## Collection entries

----

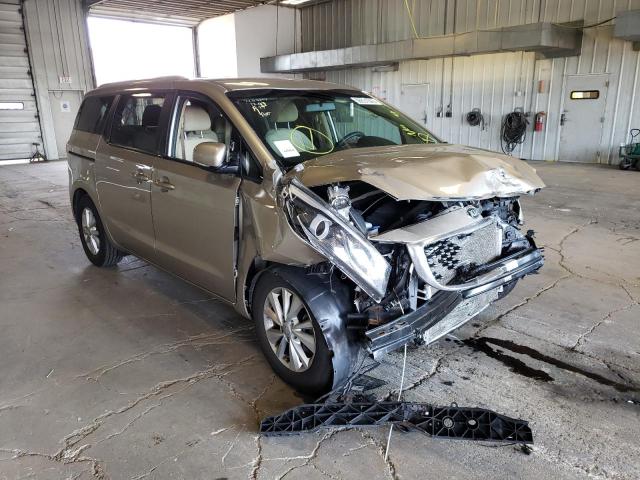 KIA SEDONA LX 2016 kndmb5c15g6172528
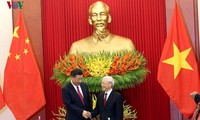 Pers Tiongkok meliput berita secara menonjol tentang kunjungan yang dilakukan Sekjen, Presiden Tiongkok, Xi Jinping di Vietnam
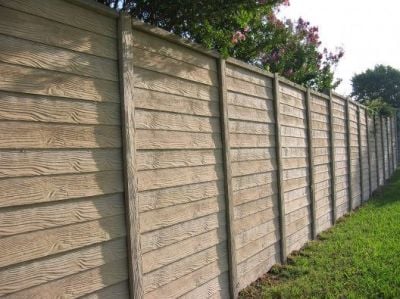 Precast Fence Replacement Notification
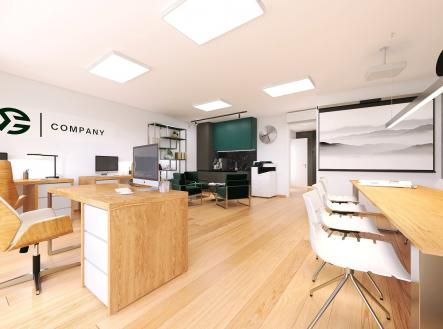 Prodej - kanceláře, 54 m²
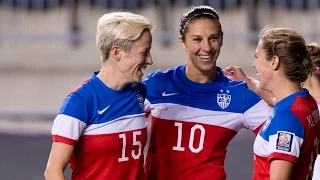 WNT vs. China PR: Highlights - Dec. 10, 2014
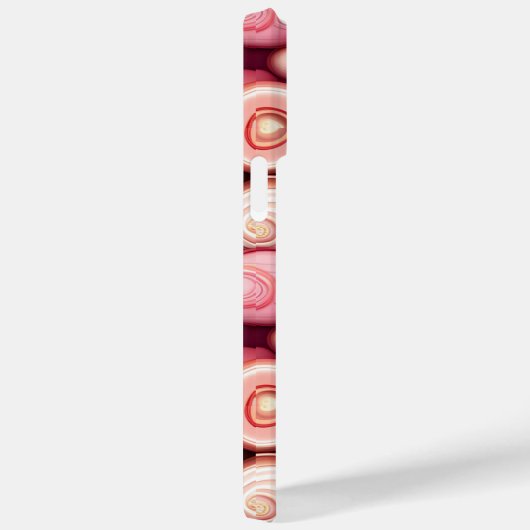 Bubblegum-Blasen Case-Mate iPhone Hülle (Rückseite / Rechts)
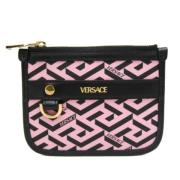 Versace Pre-owned Pre-owned Plast necessrer Multicolor, Dam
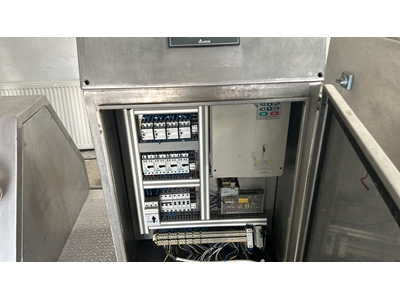 100 Lt Water Cooled Automatic PLC Cream Cooking Machine - 9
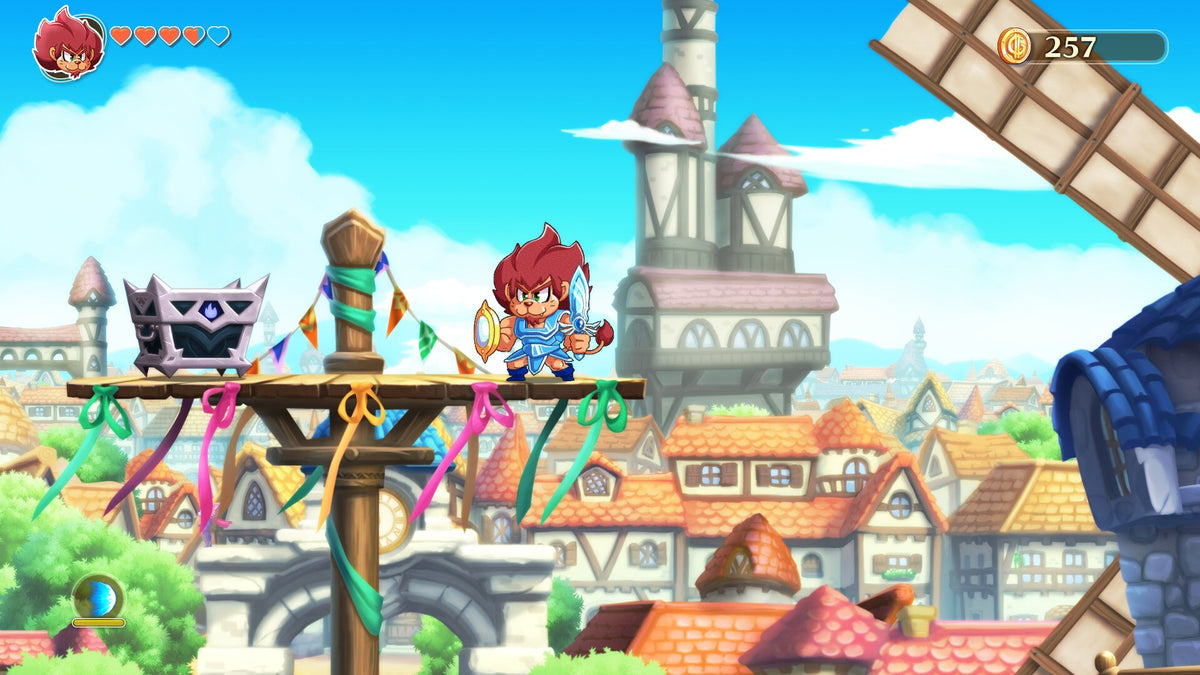 Monster Boy and the Cursed Kingdom (PC) - Steam Key - GLOBAL   - FDG Entertainment [Email/Instant Delivery]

----

## Work order
Above are the records; repeat their lines from the first through the line containing "WNT vs. China PR: Highlights - Dec. 10, 2014", and leave out each picture.

## Written response
 KIA SEDONA LX 2016 kndmb5c15g6172528
 Pers Tiongkok meliput berita secara menonjol tentang kunjungan yang dilakukan Sekjen, Presiden Tiongkok, Xi Jinping di Vietnam
 Precast Fence Replacement Notification
 Prodej - kanceláře, 54 m²
 WNT vs. China PR: Highlights - Dec. 10, 2014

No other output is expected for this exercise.